Short text fragments from websites
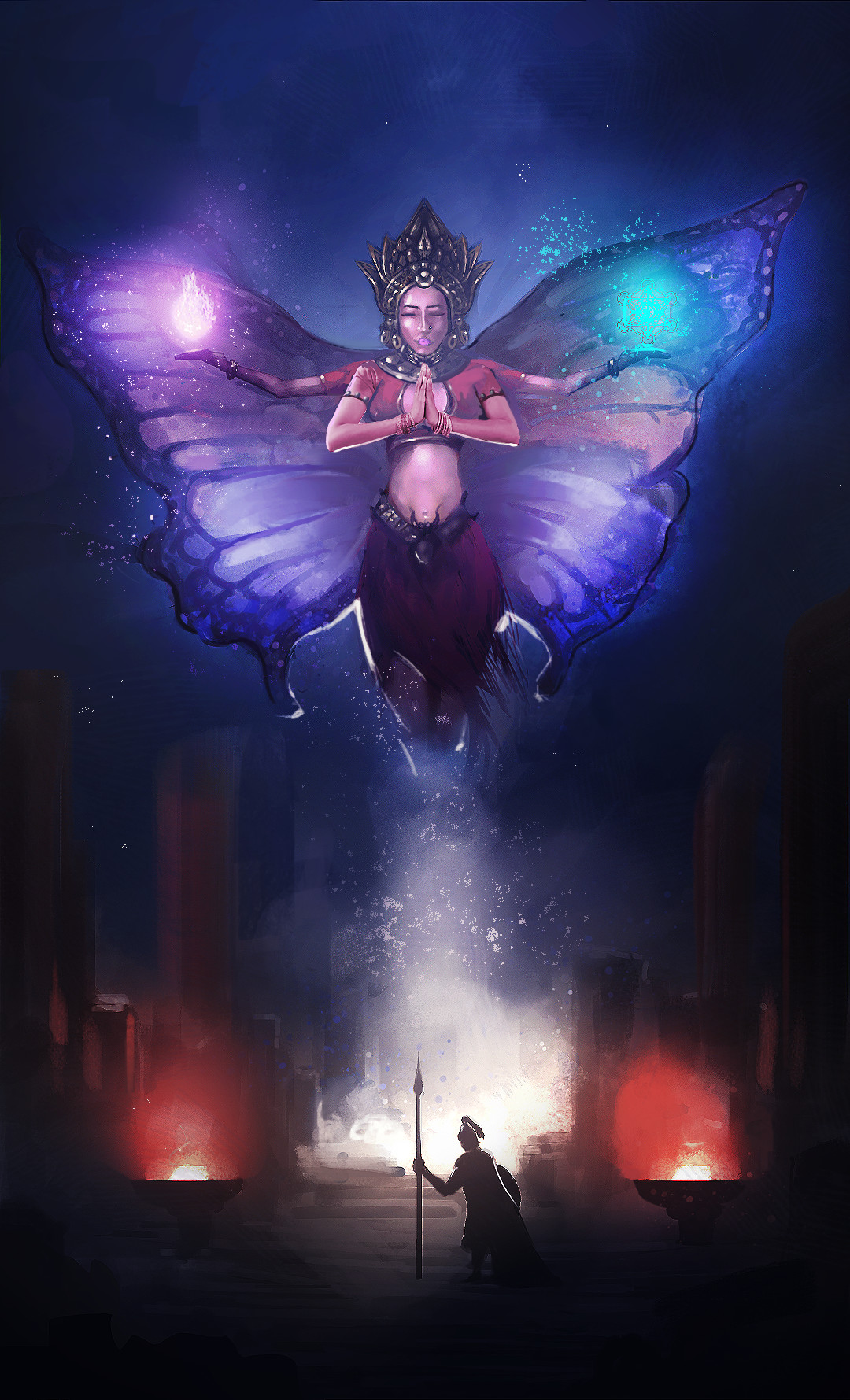 ArtStation Fairy goddess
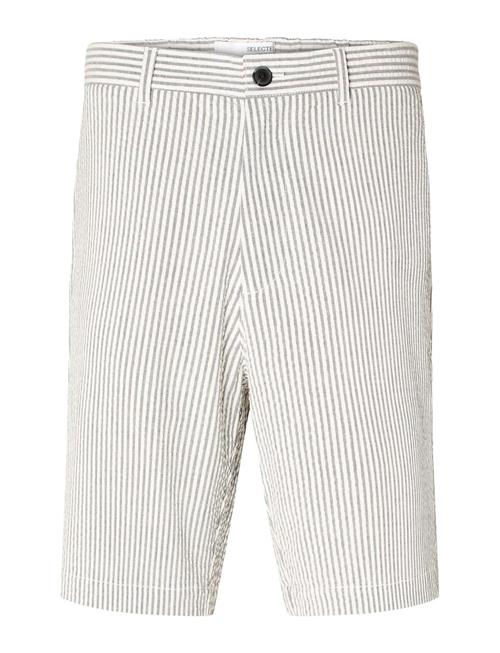 Selected Homme Slhregular-Karl Seersucker Shorts Noos Selected Homme White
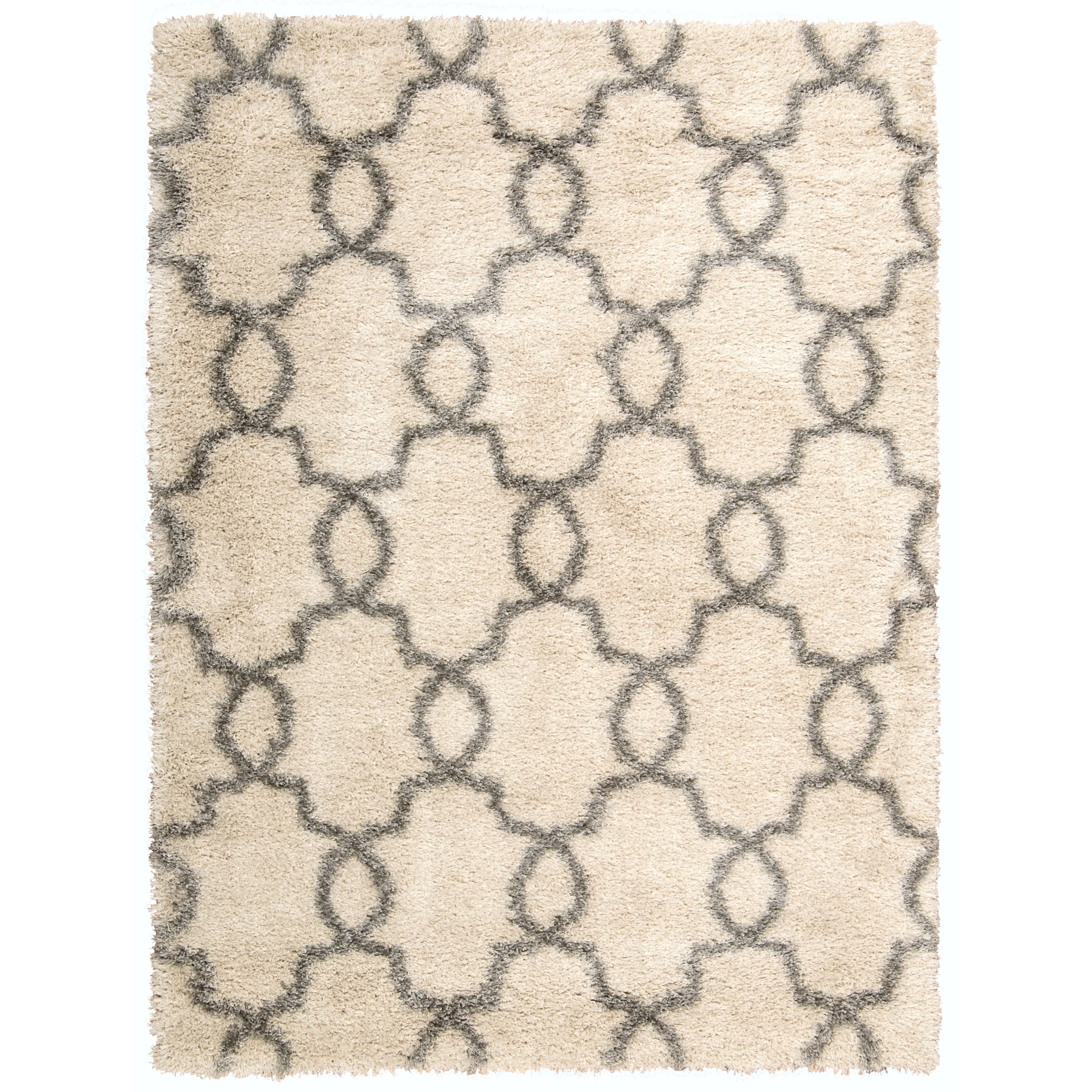 Nourison Escape White Shades Shag Area Rug 710 X 910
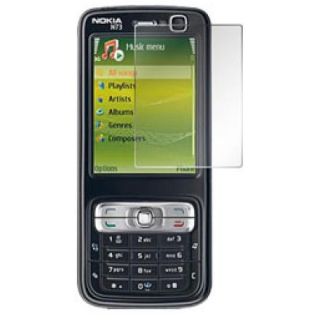 lcd clear screen protector film for nokia n73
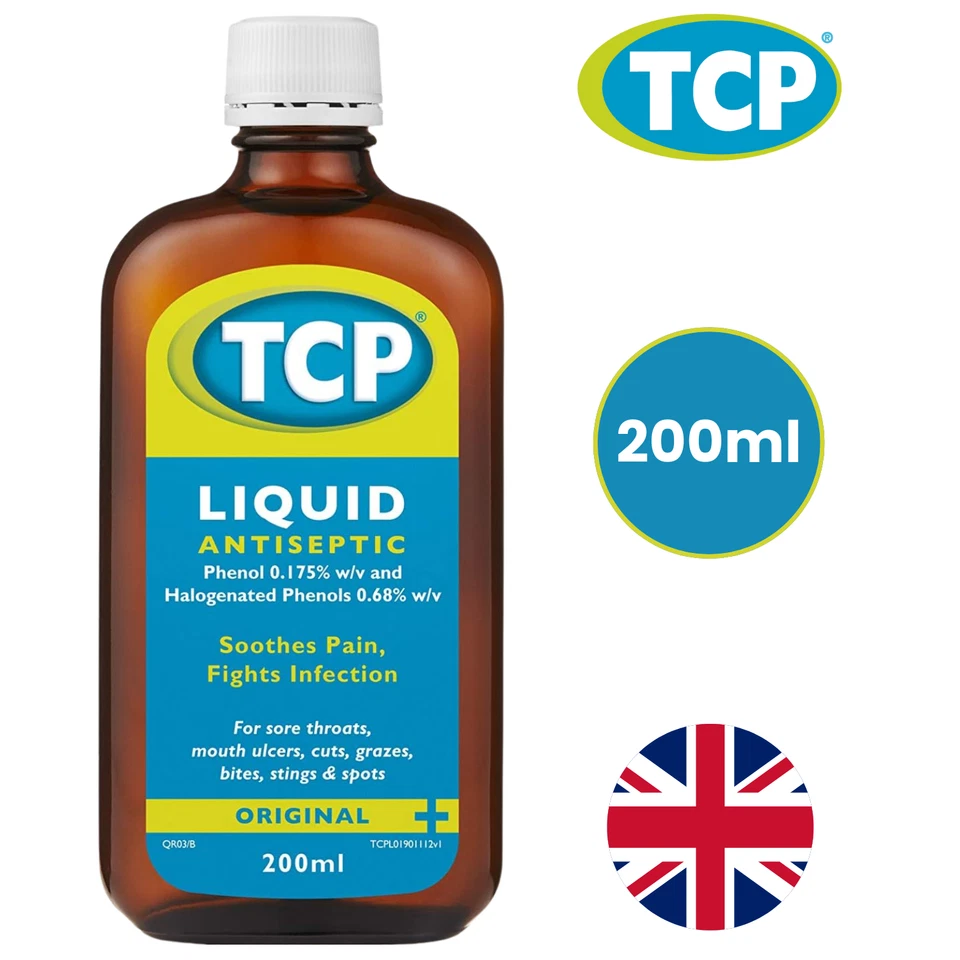 TCP Original Antiseptic Liquid Soothes Pain Fights Infection - 200ml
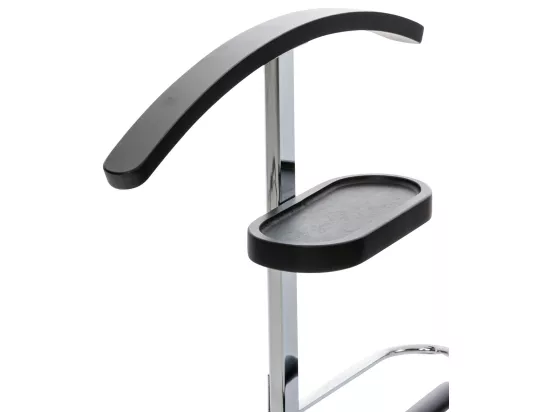 Valet de nuit - Métal - 46 x 30 x 109cm - Noir - Navan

TASK PROMPT: I need the lines from the one containing "Nourison Escape White" through the end of the records retyped exactly, with the pictures left out.

THE ANSWER:
 Nourison Escape White Shades Shag Area Rug 710 X 910
 lcd clear screen protector film for nokia n73
 TCP Original Antiseptic Liquid Soothes Pain Fights Infection - 200ml
 Valet de nuit - Métal - 46 x 30 x 109cm - Noir - Navan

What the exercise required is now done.